Exporting and Importing Projects

i2 can export a whole project or some selected jobs from one project by creating a compressed (zip) file containing all or some restricted part of the project directory and an xml representation of the appropriate part of the database. When the compressed file is imported i2 creates a new project or adds to an existing project as appropriate. The import mechanism is careful not to import jobs or files that already exist. The import/export mechanism is heavily dependent on the UUIDs (Wikipedia) Projects.projectId, Jobs.JobId, Files.FileId to check what is already in the database.

The interface to import/export is in CCP4ProjectsManagerGui.py and CCP4ProjectsManager.compressProject() is used to export selected jobs. An outline of the export process:

If a limited set of jobs is being exported use CDbApi.getJobInputFiles() to list the files input to those jobs and also list the jobs that provide the input files.

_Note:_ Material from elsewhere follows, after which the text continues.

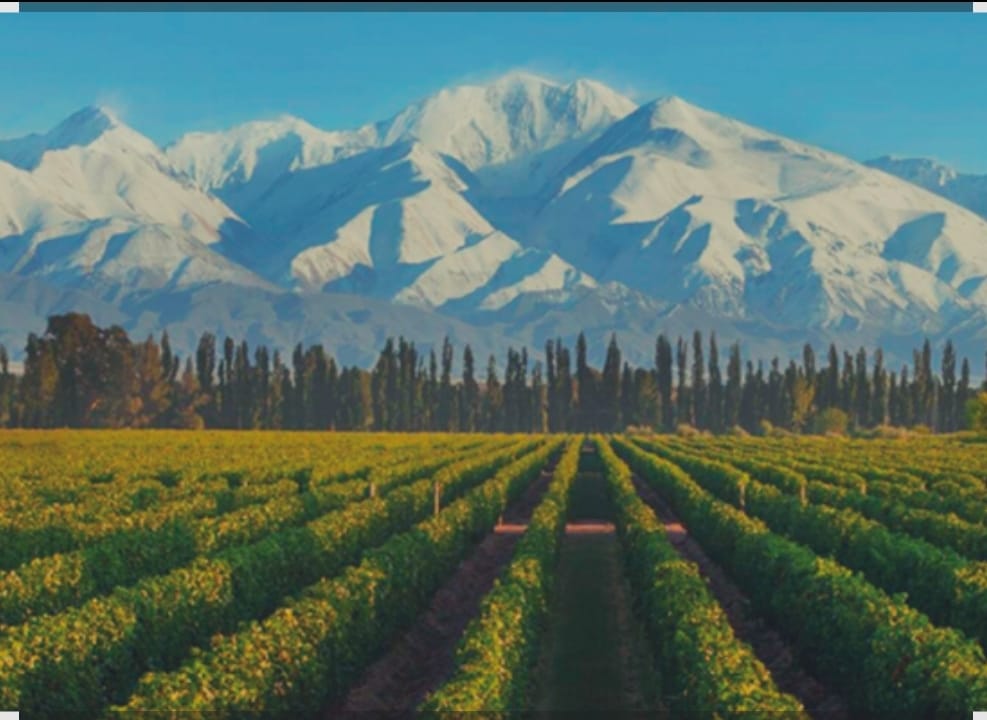 Visite Mendoza com Vinícolas e Olivais
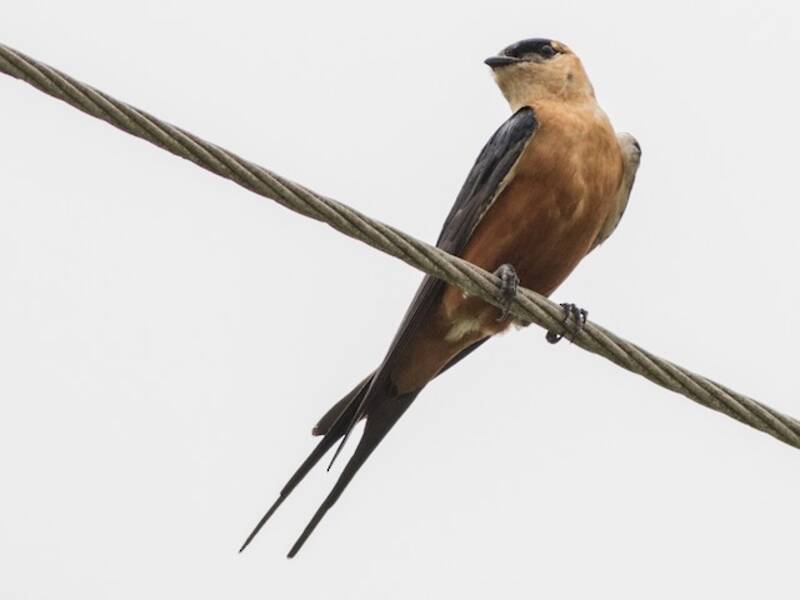 Mosque Swallow, Photos 3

These additional files and jobs will be included in the export.
Create an XML file, project_directory/CCP4_TMP/DATABASE_time.db.xml, containing a fragment of database created by CDbApi.getTablesEtree()
Create the compressed file in a separate thread using CCP4Export.ExportProjectThread

The import process is a tricky piece of code and should be changed with extreme caution. Note the CCP4Export.ImportProjectThread is not actually a thread as could not access db from separate thread. The basic process:

Extract the project xml file from the compressed file (ProjectsManager.extractDatabaseXml()) and load the file header in CCP4DbApi.CDbXml class to get basic project info.
Check the ProjectId of the imported project - dependent on whether it is already in db decide to create new or extend existing project - gui confirms this with the user.
CDbXml.loadTempTables() loads the xml into temporary tables.
The excl column in the temporary tables flags any job or file that should not be imported because it already exists or the actual job directory or file failed to import to the project directory. CDbXml.setExclInTempTables() sets excl for any job/file that already exists in db and determines if the imported job numbers need changing.
CDbXml.setExclImportedFiles() why?
CCP4Export.ImportProjectThread unpacks compressed file to the project directory - this has access to the CDbXml object to check if file is to be copied - see ImportProjectThread.extractJobsFromZip()
CDbXml.cleanupTempTables() updates dependent temporary tables based on TempJobs.excl
CDbXml.importTempTables() copies data from the temporary to main tables in database
CDbXml.removeTempTables() deletes the temporary tables.

Schema syncing issues. There is a potential for problems if the import/export i2 installation have different database schema. I believe the import code can handle getting tables or columns that it does not recognise or missing tables and columns but there may be issues with missing content.

Future database development issues

There has been discussion on enabling an alternative RDBMS to sqlite - the requiremenst for any alternative would be that they are free and ideally can be distributed by ccp4 or are easy for a user site to install. Comprehensive list RDBMS at wikipedia. The advantage would be for a user site to have a central database for everyones projects. One way to use this would be for the local sqlite db to remain the immediate db but to update to a central db regularly.

Some notes:

Qt has a module to access some of the main RDBMSs- probably not built into ccp4 Qt.
Obviously any centralised db must sort out security and which users access which projects.
The 'handshaking' to the RRBMS is mostly handled by CDbApi.connection(), CDbApi.execute() and CDbApi.commit() and hopefully any changes can be localised to those methods.
The sql language has different dialects - that used in i2 is mostly very simple and generic and should port without problems - watch errors from CDbApi.execute() when testing.
sqlite does not have a easy way to remove columns so there is some redundant stuff in the i2 db. The only way to remove it is to copy the whole database (without the unwanted bits) and this is probably worth doing as part of a move to any alternative sql base.